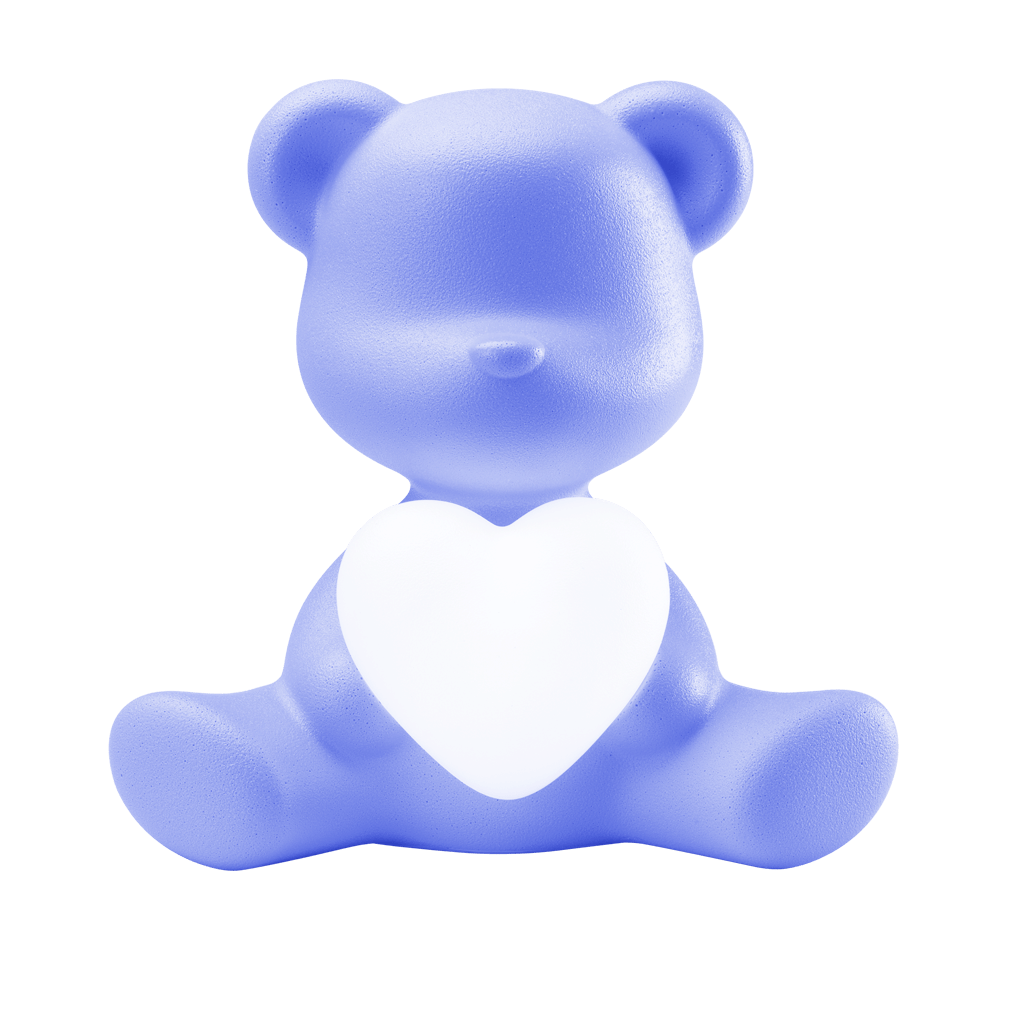 Qeeboo Teddy Love XS Table Light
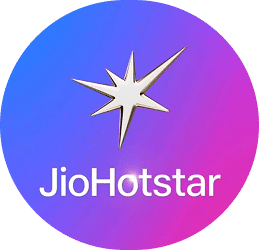 Jio Hotstar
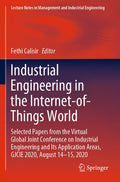Lecture Notes in Management and Industrial Engineering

§ §

**AIM OF THE EXERCISE:**
In your copy of the listing above, every line must match exactly and no picture may appear.

**EXERCISE ANSWER:**
 Qeeboo Teddy Love XS Table Light
 Jio Hotstar
Lecture Notes in Management and Industrial Engineering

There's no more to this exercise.